SPOX: Nach Ihnen hat Baskonia mit Andrea Bargnani noch einen weiteren Center verpflichtet - ein internationaler Star, der vermutlich die erste Option unter dem Korb sein wird. Wären Sie auch gewechselt, wenn Sie das gewusst hätten?

Voigtmann: Ohne Frage. Als ich unterschrieben habe, war ja auch Ioannis Bourousis noch bei Baskonia unter Vertrag, der dann später im Sommer zu Panathinaikos gegangen ist. Insofern war mir schon bewusst, dass es große Konkurrenz geben wird. Ich kann meine Rolle schon ganz gut einschätzen. Dass ich direkt starten würde, habe ich nicht geglaubt.

SPOX: Zumal ACB und Euroleague deutlich stärker einzuschätzen sind als die BBL...

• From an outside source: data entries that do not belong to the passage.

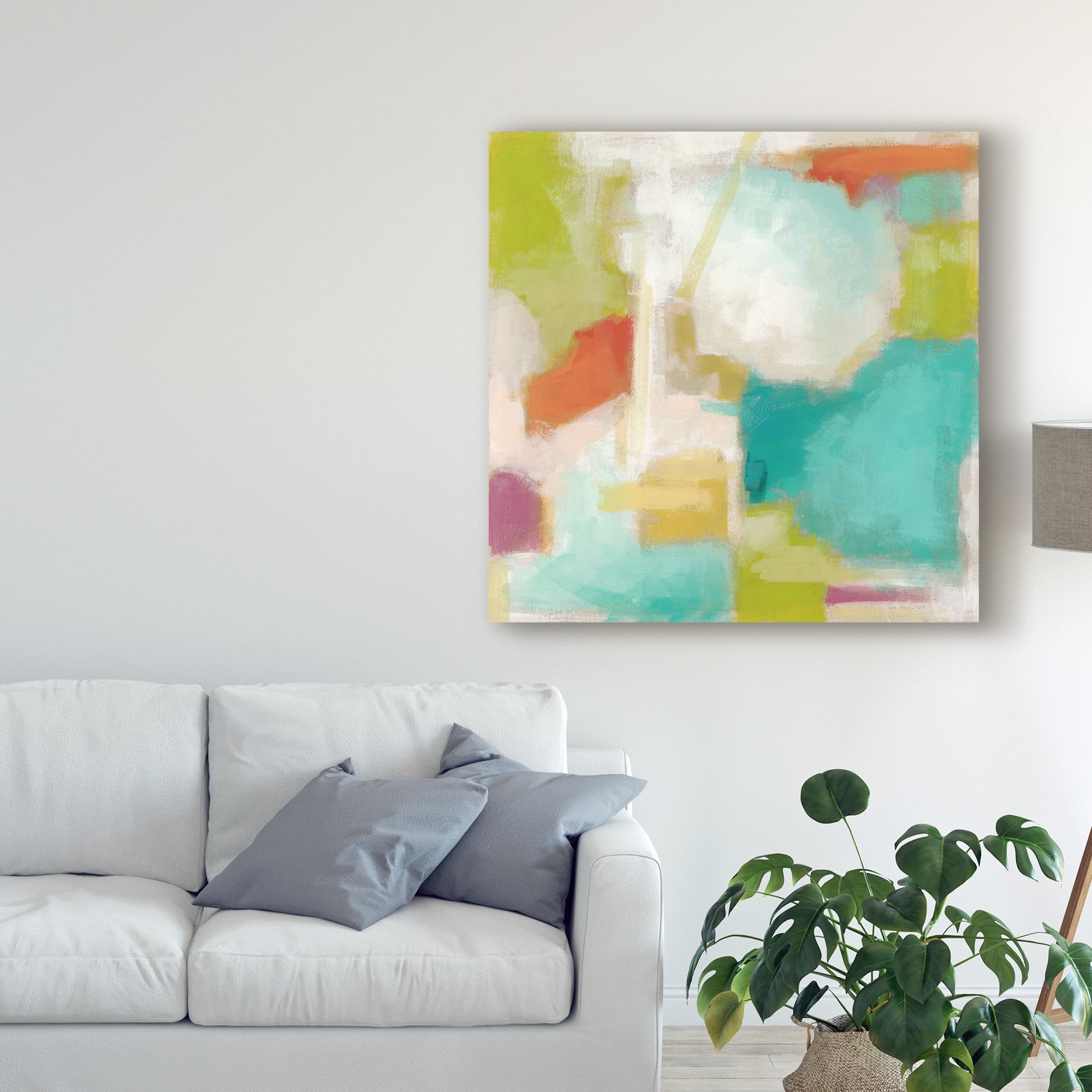 Trademark Fine Art 'Color Space I' Canvas Art by June Erica Vess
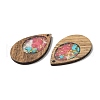 Wood & Resin Pendant WOOD-H104-23-01-3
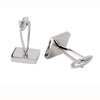 Alloy Water Drill Material/ Square Classical Pattern Cufflinks for Men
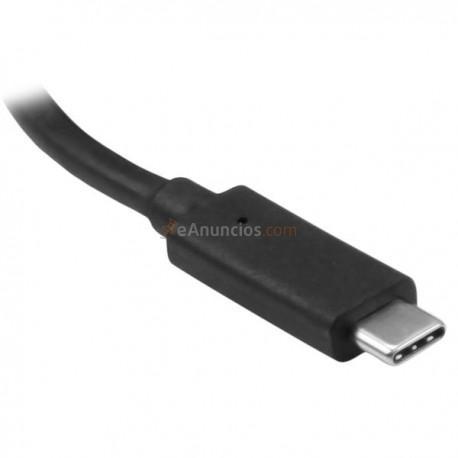 StarTech.com - Adaptador Multipuertos USB-C con HDMI de 4K- 2x Puertos USB-A - PD de 60W - Negro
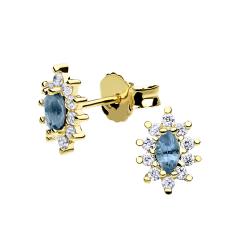 Gold earrings - 7078ya - Kletus jewelry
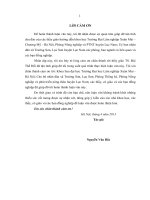 Nghiên cứu một số đặc điểm cấu trúc và tái sinh rừng phục hồi sau nương rẫy tại huyện lục nam, tỉnh bắc giang 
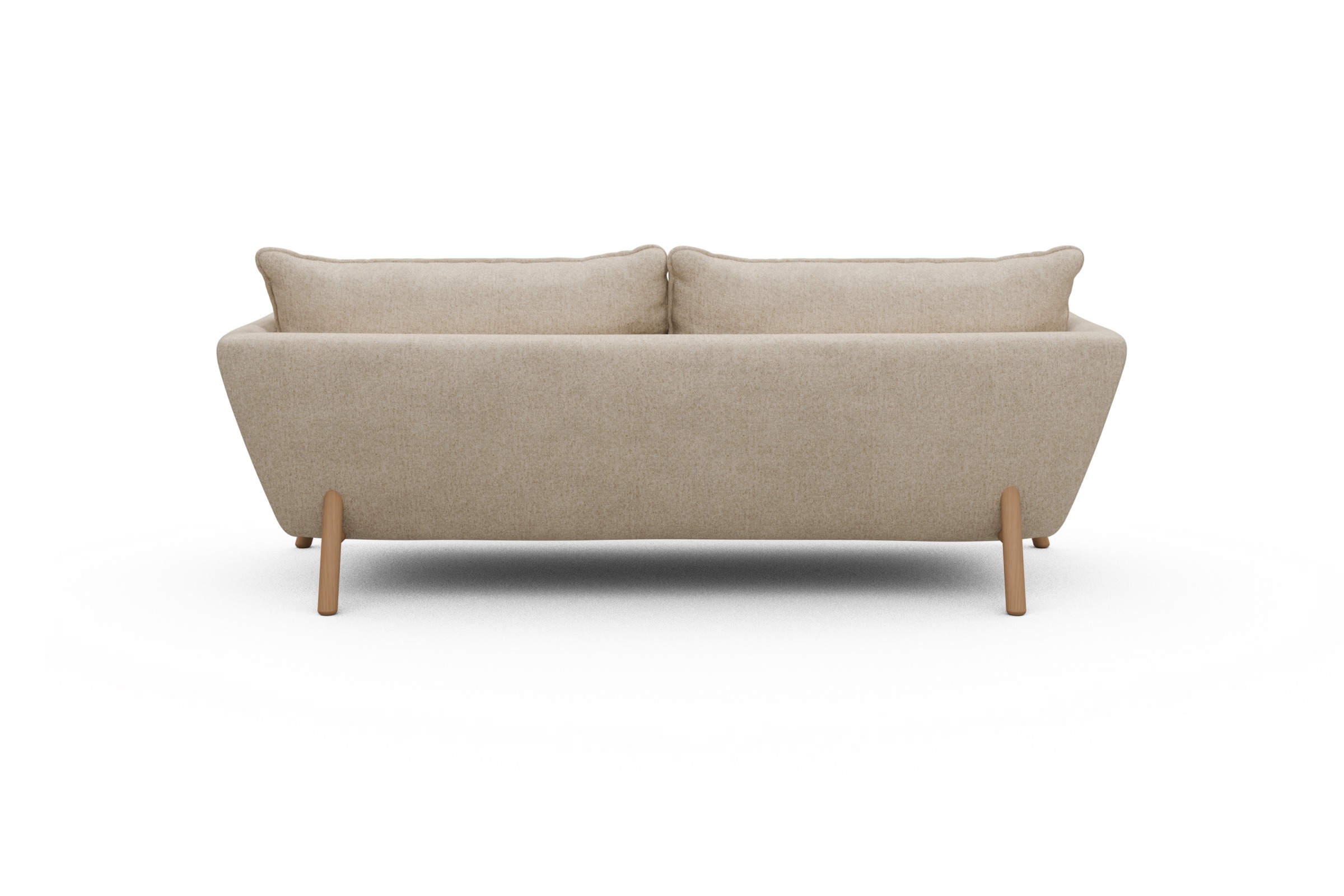 Sofa Emil PREMIUM 3-Sitzer Beinfarbe Eiche Natur Casone-Natural-Beige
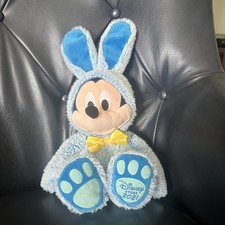 Mickey Mouse Easter Bunny Disney Store 2021 Plush Stuffed Animal 18"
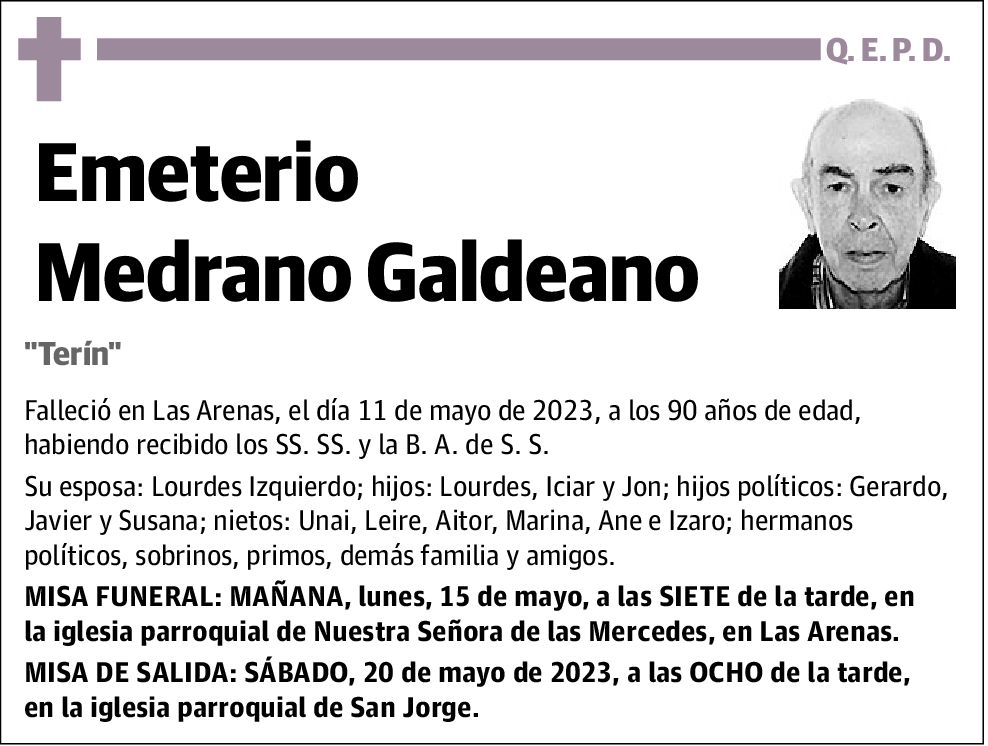 Emeterio Medrano Galdeano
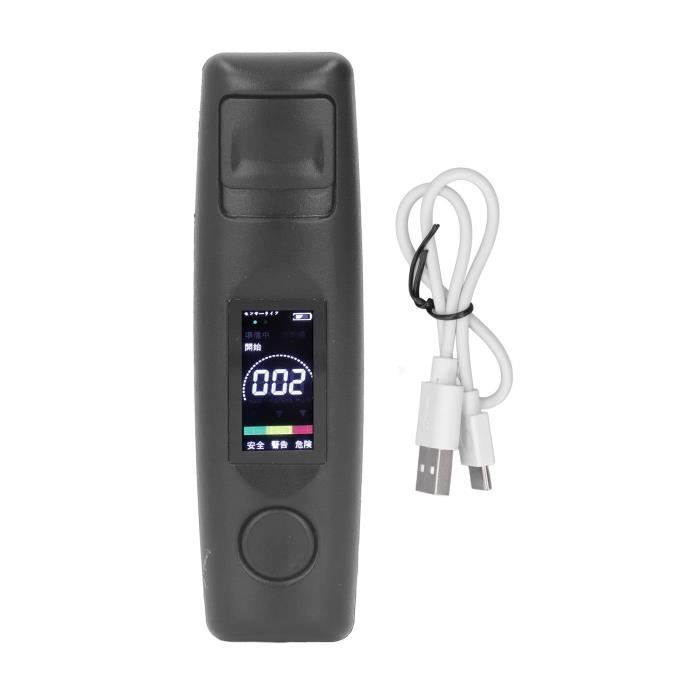 LUA-Détecteur d'alcool Rechargeable USB Haute Précision Ethylotest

Voigtmann: Ganz genau, das ist vom Niveau ein Riesenschritt. Da fehlt bei mir vielleicht auch noch einiges, aber die Idee ist, dass ich mich dem Niveau schnellstmöglich anpasse. Und dafür ist es hilfreich, wenn man von anderen Spielern profitieren kann. Wie zum Beispiel von Bargnani und seiner NBA-Erfahrung.

SPOX: Wie Bargnani sind Sie ein starker Dreierschütze (vergangene Saison 39 Prozent). Könnte man sagen, Sie sind die Verkörperung des modernen Big Man?

Voigtmann: Meine Coaches wollten bisher alle, dass ich ein bisschen mehr unter dem Korb spiele. (lacht) Und ich muss das definitiv mehr in mein Spiel einbauen, damit ich noch variabler werde. Aber klar, der Dreier zeichnet mich aus. Und das unterscheidet mich von anderen Spielern. Gerade bei der aktuellen Entwicklung im Basketball sind ein wurfstarke Big Men immer gefragt.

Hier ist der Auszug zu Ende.